▶ [Data supplied]
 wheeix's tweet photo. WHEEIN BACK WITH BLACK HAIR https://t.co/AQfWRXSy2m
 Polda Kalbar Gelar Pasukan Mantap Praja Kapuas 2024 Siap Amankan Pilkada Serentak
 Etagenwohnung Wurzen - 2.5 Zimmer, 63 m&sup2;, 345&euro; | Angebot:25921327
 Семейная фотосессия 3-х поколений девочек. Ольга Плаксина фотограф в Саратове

...

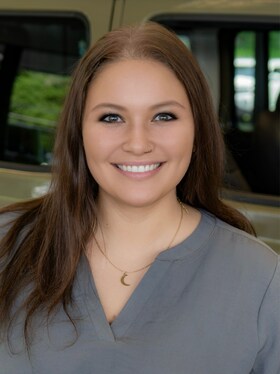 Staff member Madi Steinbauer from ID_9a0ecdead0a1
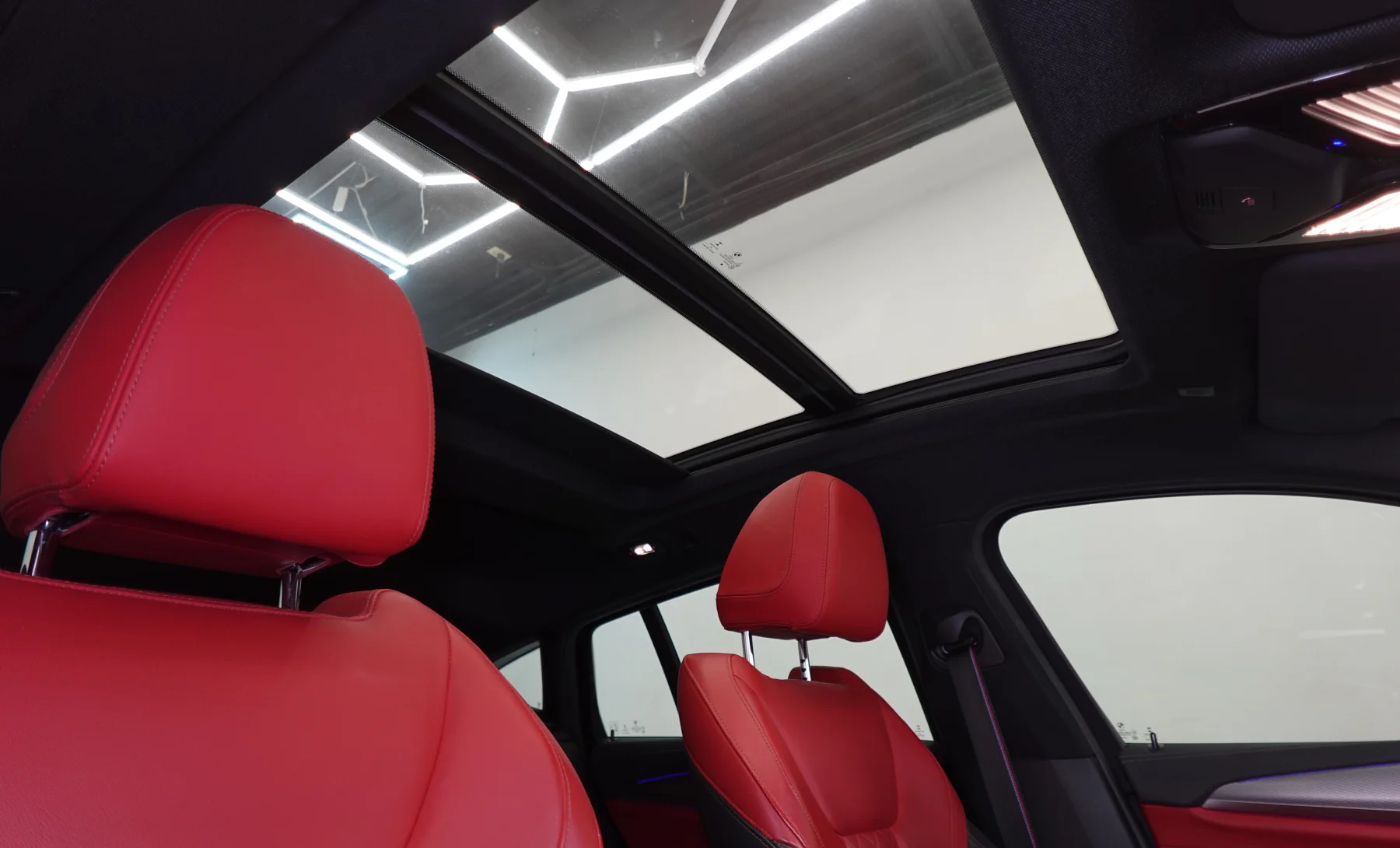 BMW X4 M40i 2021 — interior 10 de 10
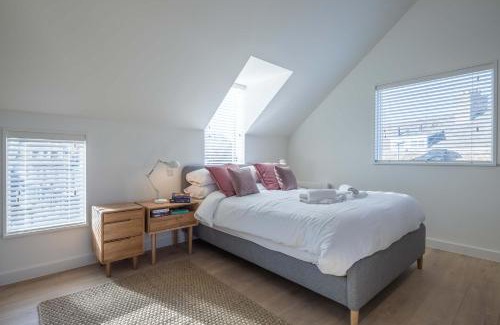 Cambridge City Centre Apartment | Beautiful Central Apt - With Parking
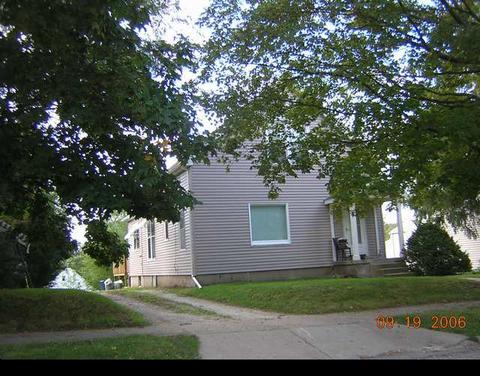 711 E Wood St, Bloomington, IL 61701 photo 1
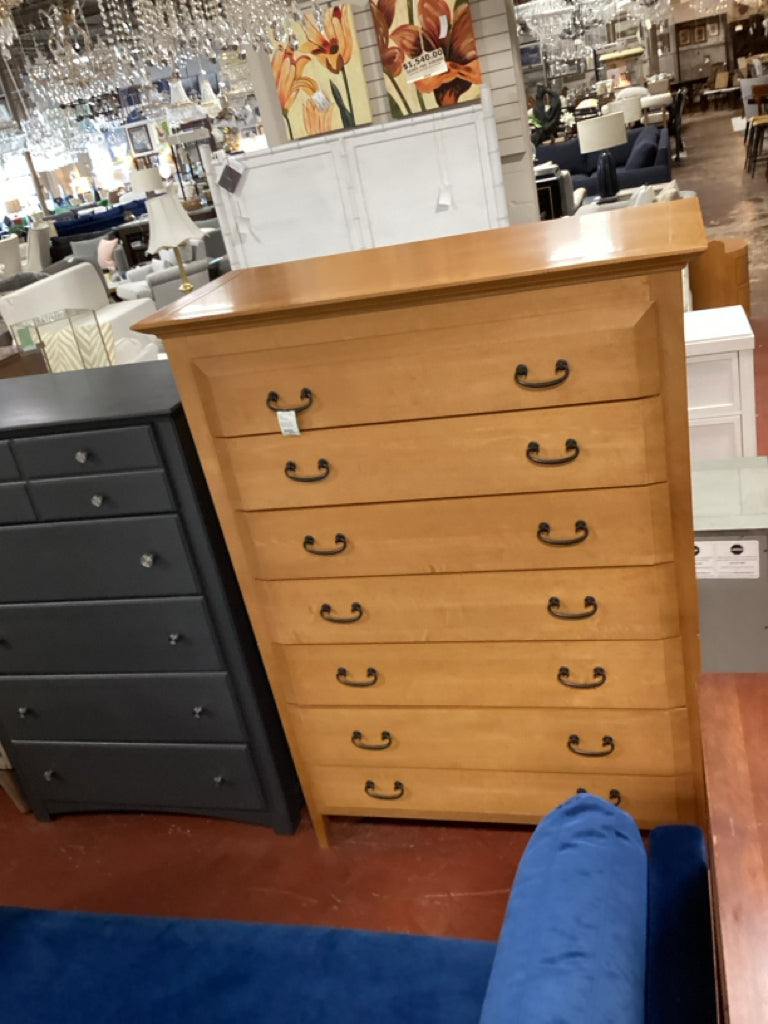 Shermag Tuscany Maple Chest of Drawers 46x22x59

▶ [Problem to work on] In the entries above, one line contains "Etagenwohnung Wurzen - 2.5" and another contains "Семейная фотосессия 3-х". Reproduce exactly those two lines and the lines between them, nothing else.

▶ [Result for this exercise]
 Etagenwohnung Wurzen - 2.5 Zimmer, 63 m&sup2;, 345&euro; | Angebot:25921327
 Семейная фотосессия 3-х поколений девочек. Ольга Плаксина фотограф в Саратове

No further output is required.